Given entries

◆ ◆ ◆ ◆ ◆ ◆ ◆

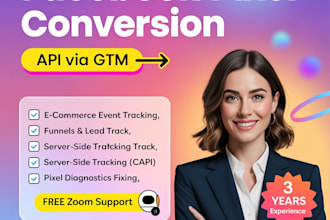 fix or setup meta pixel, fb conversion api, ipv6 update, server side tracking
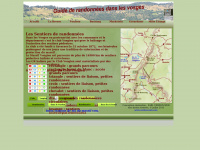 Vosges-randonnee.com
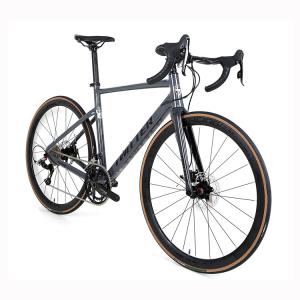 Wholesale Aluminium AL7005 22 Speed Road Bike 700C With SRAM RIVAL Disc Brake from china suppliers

◆ ◆ ◆ ◆ ◆ ◆ ◆

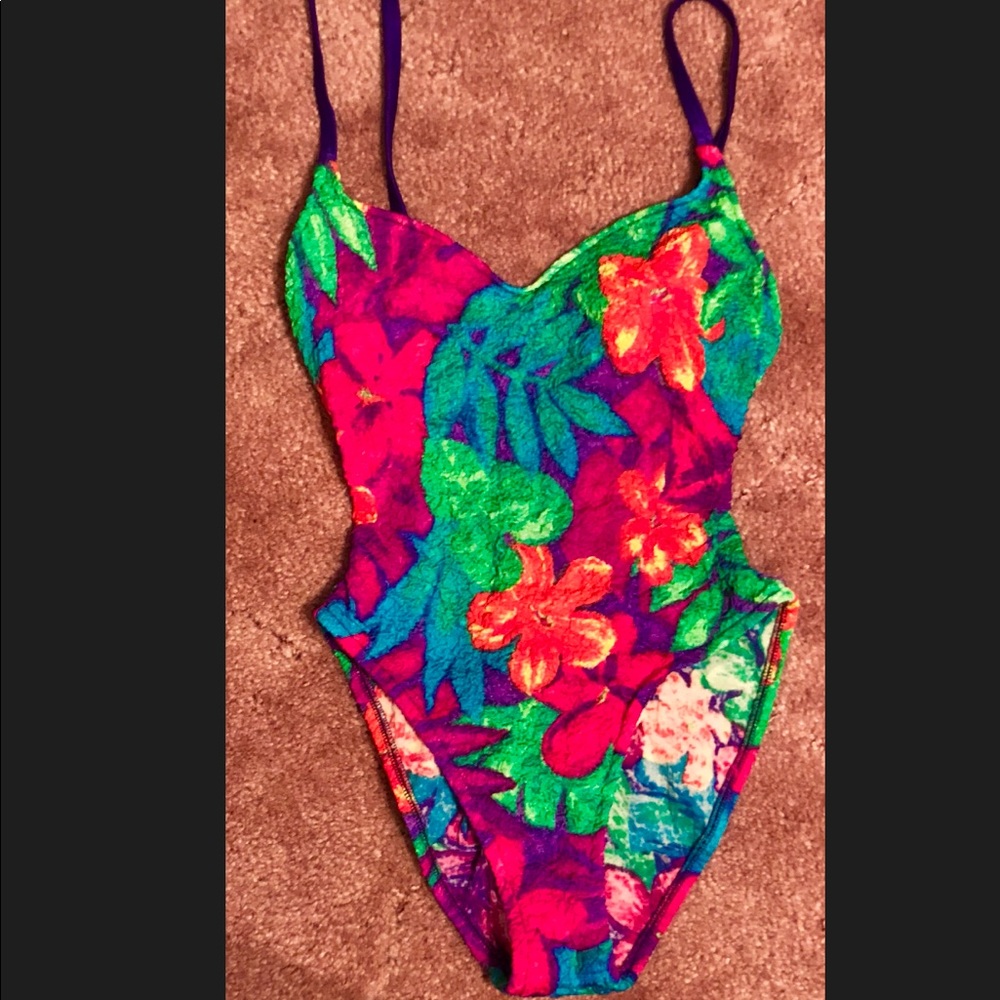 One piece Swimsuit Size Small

◆ ◆ ◆ ◆ ◆ ◆ ◆

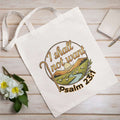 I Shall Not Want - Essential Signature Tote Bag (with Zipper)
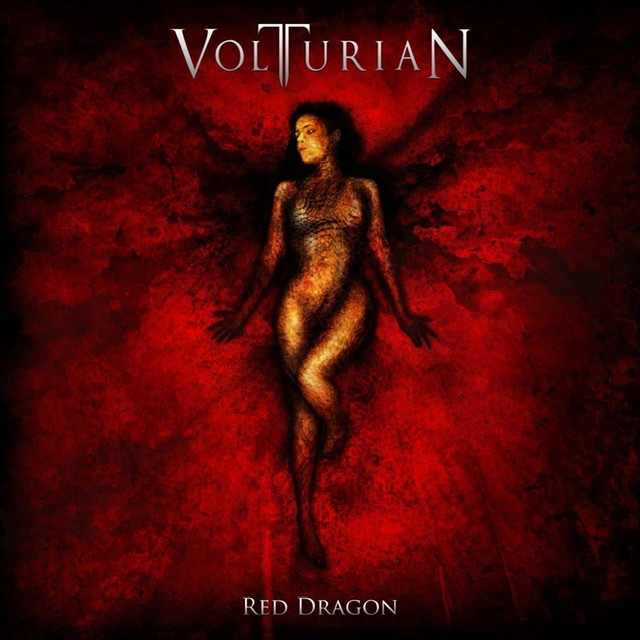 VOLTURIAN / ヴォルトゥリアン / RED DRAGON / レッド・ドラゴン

◆ ◆ ◆ ◆ ◆ ◆ ◆

The task
Write out exactly the lines above between the one with "fix or setup" and the one with "Wholesale Aluminium AL7005", inclusive, with pictures left out.

Completed task
 fix or setup meta pixel, fb conversion api, ipv6 update, server side tracking
 Vosges-randonnee.com
 Wholesale Aluminium AL7005 22 Speed Road Bike 700C With SRAM RIVAL Disc Brake from china suppliers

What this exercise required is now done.